UNITED STATES SECURITIES AND EXCHANGE COMMISSION

Washington, D.C. 20549

 

FORM 8-K

 

CURRENT REPORT PURSUANT TO SECTION 13 OR 15(d)
OF THE SECURITIES EXCHANGE ACT OF 1934

 

Date of Report (Date of earliest event reported): June 23, 2016

 

Emerge Energy Services LP

(Exact name of registrant as specified in its charter)

 

Delaware

 

001-35912

 

90-0832937

(State or other jurisdiction

 

(Commission

 

(IRS Employer

of incorporation or organization)

 

File Number)

 

Identification No.)

 

180 State Street, Suite 225

Southlake, Texas 76092

(Address of principal executive office) (Zip Code)

 

(817) 865-5830
(Registrants’ telephone number, including area code)

 

Check the appropriate box below if the Form 8-K filing is intended to simultaneously satisfy the filing obligation of the registrant under any of the following provisions:

 

o          Written communications pursuant to Rule 425 under the Securities Act (17 CFR 230.425)

 

o          Soliciting material pursuant to Rule 14a-12 under the Exchange Act (17 CFR 240.14a-12)

 

o          Pre-commencement communications pursuant to Rule 14d-2(b) under the Exchange Act (17 CFR 240.14d-2(b))

 

o          Pre-commencement communications pursuant to Rule 13e-4(c) under the Exchange Act (17 CFR 240.13e-4(c))

 

 

 



 

Item 1.01 Entry into a Material Definitive Agreement

 

On June 23, 2016, Emerge Energy Services LP (the “Partnership”) and its wholly owned subsidiary Emerge Energy Services Operating LLC (“Emerge Operating” and, together with the Partnership, the “Partnership Parties”) entered into a Purchase and Sale Agreement (the “Purchase Agreement”) with Susser Petroleum Operating Company LLC (“Susser”) and Sunoco LP (“Sunoco” and, together with Susser, the “Sunoco Parties”).
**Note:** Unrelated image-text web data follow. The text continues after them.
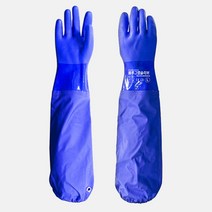 핸드맥스 어업 수산업 산업용 안전 토시형 장갑 PVC 코팅 308 블루그랩슬리브 60cm, L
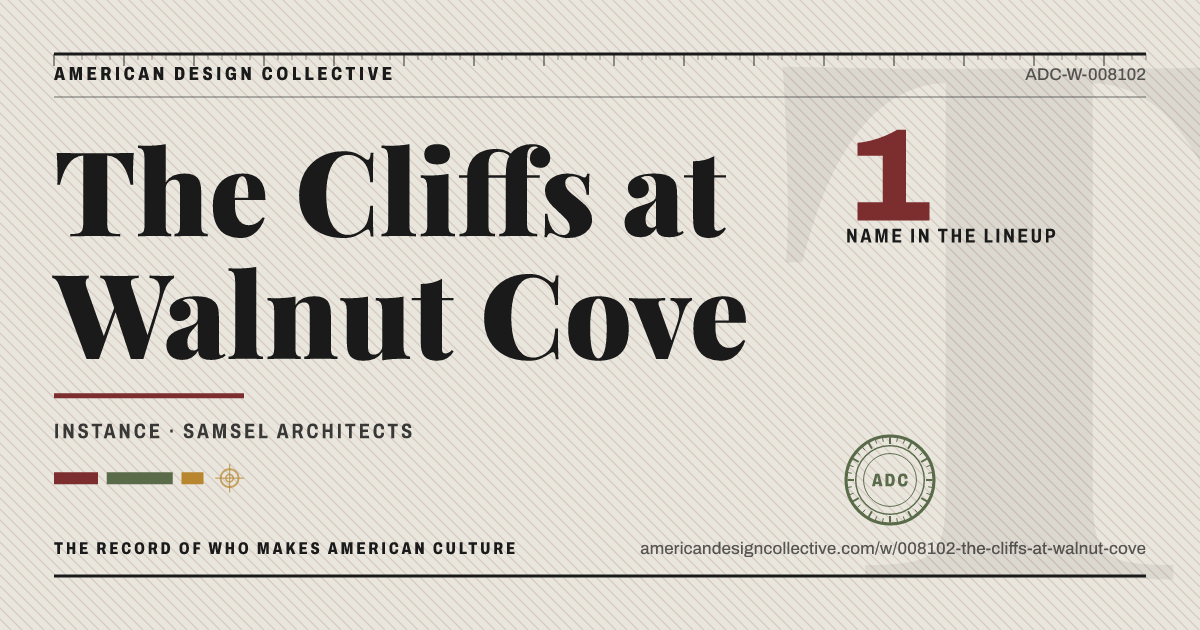 Registry card for The Cliffs at Walnut Cove: the ADC seal, The Cliffs at Walnut Cove, and how much is on record.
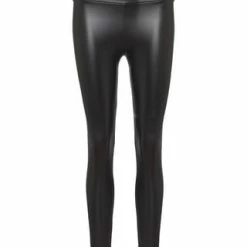 MANGUUN Kunstlederleggings, Uni, Für Damen SCHWARZ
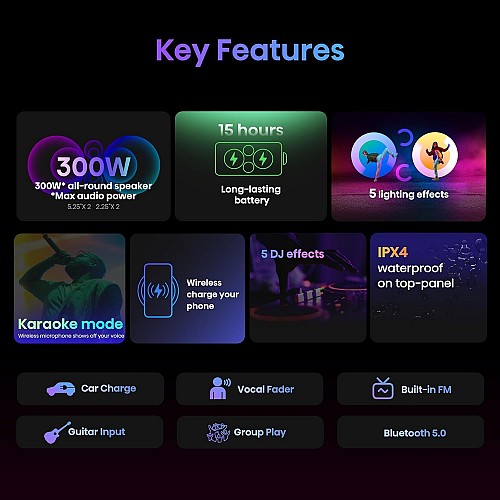 Hisense Speaker Portable Karaoke Party Rocker One Plus 300W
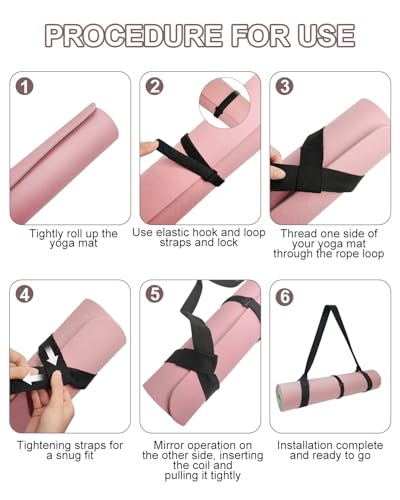 Yoga Mat Strap Carrier with Adjustable Hook-and-Loop for Most Mats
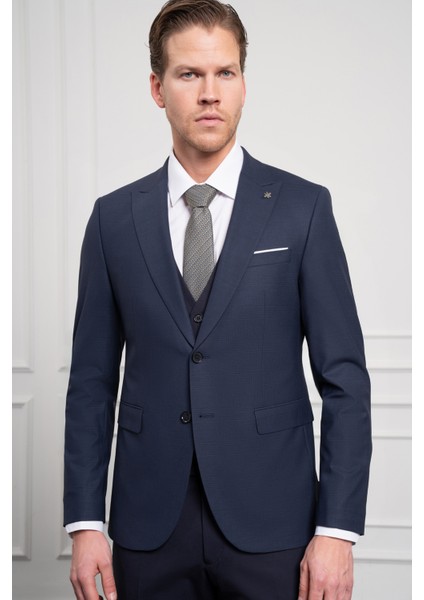 Erkek Lacivert Trend Yelekli Kombinli Yünlü Slim Fit Sivri Yaka Takım Elbise indirimleri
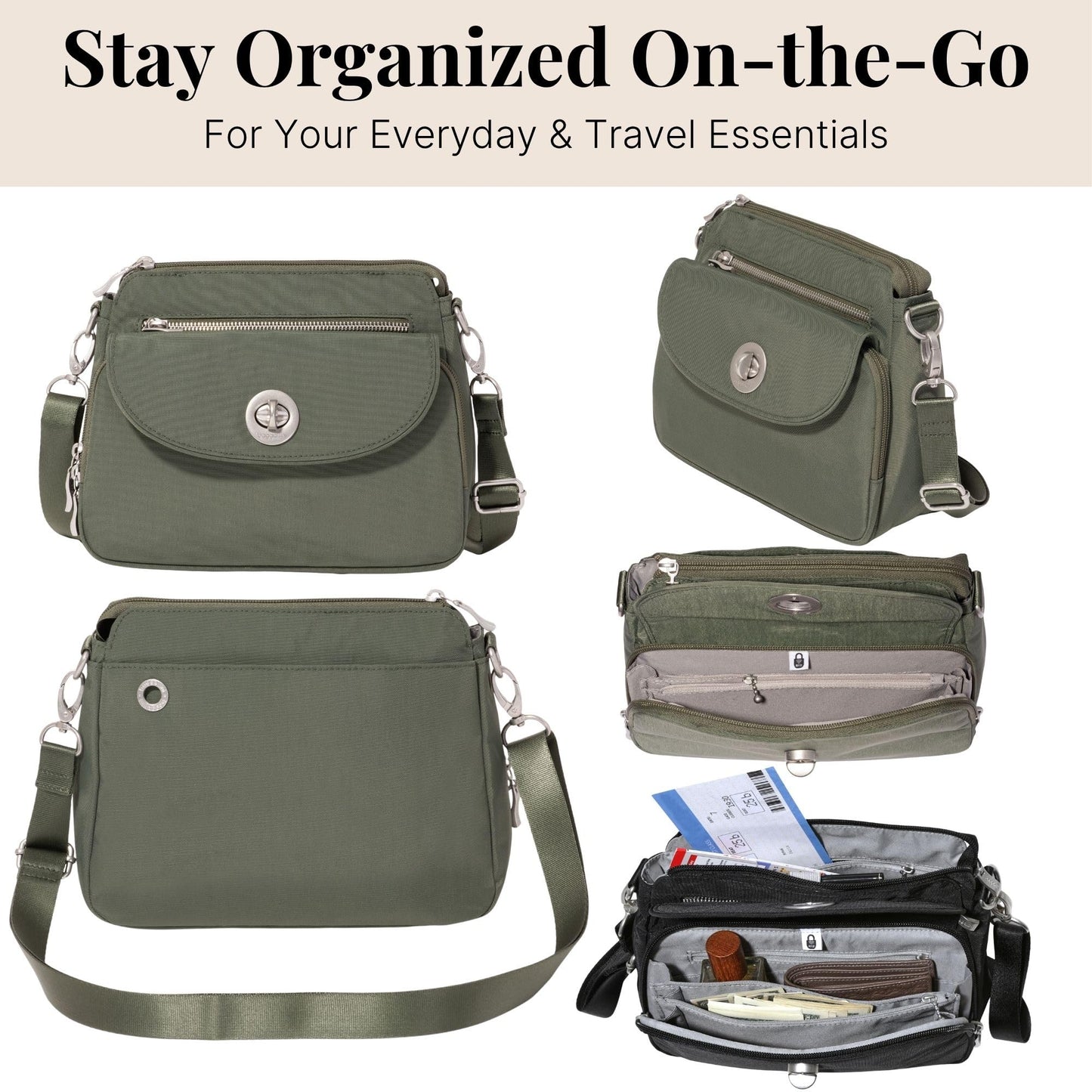 Baggallini Calais Crossbody Bags for Women 10x7 Lightweight Water-Resistant Travel Purse, RFID & Interior Organization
Pursuant to the terms of the Purchase Agreement, Emerge Operating agreed to sell to Susser all of the issued and outstanding limited liability company interests in Direct Fuels LLC (“Direct Fuels”), Allied Energy Company LLC (“AEC”) and Emerge Energy Distributors Inc. (“EEDI” and, together with Direct Fuels and AEC, the “Companies”), each a wholly owned subsidiary of Emerge Operating. The Companies currently represent the entirety of the assets and operations of the Partnership’s fuel segment.

 

In consideration for the sale of the Companies, Susser will pay to Emerge Operating a purchase price of approximately $178.5 million in cash, subject to certain working capital and other adjustments in accordance with the terms of the Purchase Agreement. The parties’ obligations under the Purchase Agreement are subject to the satisfaction of certain specified conditions, including negotiating and executing definitive ancillary agreements, obtaining Hart-Scott-Rodino approval and other customary conditions. The Purchase Agreement includes customary representations and warranties regarding the Partnership Parties, the Companies and the Sunoco Parties as well as customary covenants and indemnity provisions.

 

The parties have agreed to indemnify each other with regards to breaches of their respective representations, warranties and covenants set forth in the Purchase Agreement. In addition, the Partnership Parties have agreed to indemnify the Sunoco Parties with respect to certain liabilities related to the business and operations of the Companies, subject to certain exceptions as set forth in the Purchase Agreement.

 

The Purchase Agreement is filed as Exhibit 2.1 to this Current Report on Form 8-K, and the foregoing description of the Purchase Agreement is qualified in its entirety by reference to such exhibit. The above description of the Purchase Agreement is a summary only and is qualified in its entirety by reference to the complete text of the Purchase Agreement. The Purchase Agreement is filed herewith to provide investors with information regarding its terms. It is not intended to provide any other factual information about the parties. In particular, the assertions embodied in the representations and warranties contained in the Purchase Agreement were made only for the purposes of the Purchase Agreement as of the specific dates therein and are qualified by information in confidential disclosure schedules provided by the parties to each other in connection with the signing of the Purchase Agreement. Moreover, certain representations and warranties in the Purchase Agreement may have been used for the purpose of allocating risk between the parties rather than establishing matters of fact. Accordingly, you should not rely on the representations and warranties in the Purchase Agreement as characterizations of the actual statements of fact about the parties.

 

Item 7.01                                           Regulation FD Disclosure

 

In accordance with General Instruction B.2 of Form 8-K, the following information in this Current Report on Form 8-K (including Exhibit 99.1) is furnished pursuant to Item 7.01 and shall not be deemed to be “filed” for the purpose of Section 18 of the Securities Exchange Act of 1934, as amended (the “Exchange Act”), or otherwise subject to the liabilities of that section, nor shall such information or exhibit be deemed incorporated by reference in any filing under the Securities Act of 1933, as amended, or the Exchange Act, except as shall be expressly set forth by specific reference in such a filing. This Current Report on Form 8-K will not be deemed an admission as to the materiality of any information in the report that is required to be disclosed solely by Regulation FD.

 

On June 23, 2016, the Partnership issued a press release announcing the Partnership Parties’ entry into the Purchase Agreement. A copy of the press releases is furnished as Exhibit 99.1 to this Current Report on Form 8-K.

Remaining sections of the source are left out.